Mrs. Dalloway ne parvient sans doute pas à une telle légèreté. Ici ce serait plutôt : comment faire « tenir ensemble » le récit ? Comment « faire communiquer les grottes entre elles » ? D’où ces événements infimes, "extérieurs", présents encore pour des raisons essentiellement narratives, certes, de "cimentage" du récit. Mais aussi, déjà, parce que se fait sentir la nécessité de creuser des « tunnels » entre les cavernes des consciences des différents personnages. C’est sans doute le vitalisme de Virginia Woolf qui se manifeste ici : les êtres ne se limitent pas à « eux-mêmes », ils s’étendent vers autrui, vers le monde.

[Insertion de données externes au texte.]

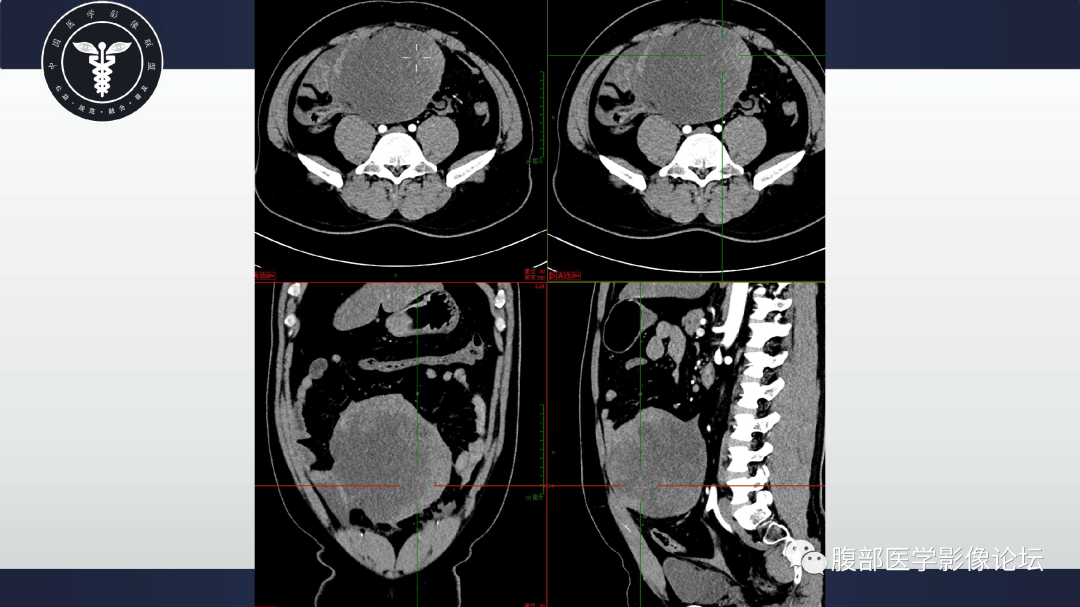 影像PPT - 【病例】肠系膜侵袭性纤维瘤病1例CT-11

Le procédé est poussé beaucoup plus loin, et c’est vraiment dans Les vagues qu’on largue les amarres. Cette fois, il n’y a plus besoin d’une béquille extérieure pour le passage, il s’effectue par voisinages de sensations, transitions purement langagières.Le glissement d’un monologue à l’autre s’opère par répétition de mots (fin d’un monologue de Neville : « C’est le premier jour des grandes vacances », repris mot pour mot par le suivant, de Suzanne), ou plus généralement par reprise ou opposition thématique (monologue de Neville : « Viens, douleur, repais-toi de ma chair… » ; monologue de Bernard : « …je ne parviens pas à démêler la joie de la douleur… » 1084 ).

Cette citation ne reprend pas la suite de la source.